Tuesday, April 23, 2013

Palo Alto Networks and PAP

Firewalls, Evolved

It is no secret that Universal Threat Management (UTM) or the Palo Alto Networks Next Generation Firewall (NGFW) model is the clear winner for the current generation of firewalls in the market.  If you are still only using your firewall to block ports, implement Stateful Packet Inspection and support VIP rules, you are behind the times!  Inspecting egress traffic for known bad URL's and IP addresses, blocking sites based on policy groups and carving out usability of online applications are a must have these days.

Palo Alto Networks

Started in, no surprise, Palo Alto California in 2005, this company set out to flip the firewall world on its head.  When a group of engineers at Juniper were turned down to spin up a division to research the future of firewall technology, they took their ideas and left.

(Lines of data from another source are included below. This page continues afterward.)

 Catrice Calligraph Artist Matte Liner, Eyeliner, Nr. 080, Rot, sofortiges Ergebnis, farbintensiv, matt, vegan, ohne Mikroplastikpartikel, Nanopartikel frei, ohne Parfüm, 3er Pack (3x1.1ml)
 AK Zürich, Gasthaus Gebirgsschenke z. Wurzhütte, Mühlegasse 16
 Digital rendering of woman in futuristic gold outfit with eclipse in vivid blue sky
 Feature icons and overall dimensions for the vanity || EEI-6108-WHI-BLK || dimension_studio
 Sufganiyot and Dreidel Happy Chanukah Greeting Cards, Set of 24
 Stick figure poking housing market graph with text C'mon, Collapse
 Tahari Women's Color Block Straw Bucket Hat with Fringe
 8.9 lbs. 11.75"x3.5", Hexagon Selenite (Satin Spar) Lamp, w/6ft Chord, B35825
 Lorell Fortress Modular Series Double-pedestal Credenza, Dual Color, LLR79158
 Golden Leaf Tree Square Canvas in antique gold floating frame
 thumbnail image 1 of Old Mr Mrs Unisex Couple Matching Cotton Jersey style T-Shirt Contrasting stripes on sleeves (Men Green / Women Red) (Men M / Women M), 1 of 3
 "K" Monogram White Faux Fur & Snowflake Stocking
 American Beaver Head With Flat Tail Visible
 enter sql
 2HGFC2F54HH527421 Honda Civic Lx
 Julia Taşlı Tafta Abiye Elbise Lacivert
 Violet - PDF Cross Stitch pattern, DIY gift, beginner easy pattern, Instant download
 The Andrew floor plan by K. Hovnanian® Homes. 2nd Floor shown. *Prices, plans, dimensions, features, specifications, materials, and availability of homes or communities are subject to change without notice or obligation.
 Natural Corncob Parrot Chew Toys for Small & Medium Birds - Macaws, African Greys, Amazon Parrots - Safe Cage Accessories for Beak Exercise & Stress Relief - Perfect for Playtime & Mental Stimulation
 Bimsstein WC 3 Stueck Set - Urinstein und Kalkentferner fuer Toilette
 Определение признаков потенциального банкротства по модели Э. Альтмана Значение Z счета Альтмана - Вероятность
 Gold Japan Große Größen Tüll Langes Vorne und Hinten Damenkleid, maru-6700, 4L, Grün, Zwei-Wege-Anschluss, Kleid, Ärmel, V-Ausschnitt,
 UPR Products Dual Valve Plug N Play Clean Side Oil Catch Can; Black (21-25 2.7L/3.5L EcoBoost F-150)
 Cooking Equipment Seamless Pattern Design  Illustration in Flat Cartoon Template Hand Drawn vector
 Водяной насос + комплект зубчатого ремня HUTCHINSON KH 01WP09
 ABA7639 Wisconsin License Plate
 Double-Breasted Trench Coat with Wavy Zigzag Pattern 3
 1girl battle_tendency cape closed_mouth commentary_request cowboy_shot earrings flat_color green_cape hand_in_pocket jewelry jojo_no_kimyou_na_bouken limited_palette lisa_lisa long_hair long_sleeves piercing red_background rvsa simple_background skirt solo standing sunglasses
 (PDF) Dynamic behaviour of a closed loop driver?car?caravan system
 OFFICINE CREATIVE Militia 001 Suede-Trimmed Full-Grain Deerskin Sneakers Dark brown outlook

Skip ahead to July 2012, where we witnessed one of the most successful network hardware IPO's in over a decade unfold before our eyes.  Proving that UTM/NGFW firewall model was not only a great idea, but here to stay.

What's in a password transmission protocol?

Password Authentication Protocol (PAP) was introduced in 1992 as part of RFC 1334.  This RFC addressed the need for Point to Point (PPP) access between networks.  In the RFC, it is explicitly mentioned that PAP is an insecure protocol.  Further, they actually recommend attempting to negotiate CHAP first before PAP is attempted as a failover option.  However, the simple implementation of PAP has allowed it to persist in our authentication servers for many many years.

It was not until May of 2005, when Windows Server 2008 and Vista were released, that the last of the production desktop Operating Systems fully purged PAP as a usable option.  Finally!  A protocol that was replaced from within its own RFC and superseded by no less than 10 different open and closed authentication standards (see MS-CHAP, EAP, PEAP, TLS, TTLS, etc.) was dead at last.

Palo Alto and Radius

Establishing a Radius server connection with Palo Alto Networks firewall is a pretty routine affair.  You setup a shared secret on your Radius server, you assign it to the client IP address of your Palo Alto management interface, then you tether your security rule checks and policies.  Simple right?  What happens when everything keeps failing to authenticate? I was able connect, but kept getting errors that policies never matched my requests from Palo Alto.  The reason?  The Authentication Protocol never matched a rule.  What protocol should I use?  A quick call to Palo Alto Network support answered this quickly - Use PAP for all Radius requests from a Palo Alto Networks firewall to any Radius server.  

It worked!  Using PAP did in fact solve my support issue.  However, it opened up another concern:

Why is Palo Alto Networks - the network firewall company founded in 2005 - using an authentication protocol that has been deprecated before the company even existed?

I have since put in several support tickets and discussed this issue with my assigned Sales and SE representatives from Palo Alto.  While everyone agrees this is extremely insecure, especially for a Firewall company, they always note that there is no current interest in fixing the issue.

If this is disconcerting to you, I suggest you contact your Sales and SE peeps at Palo Alto and demand, as I have, to have this glaring oversight fixed.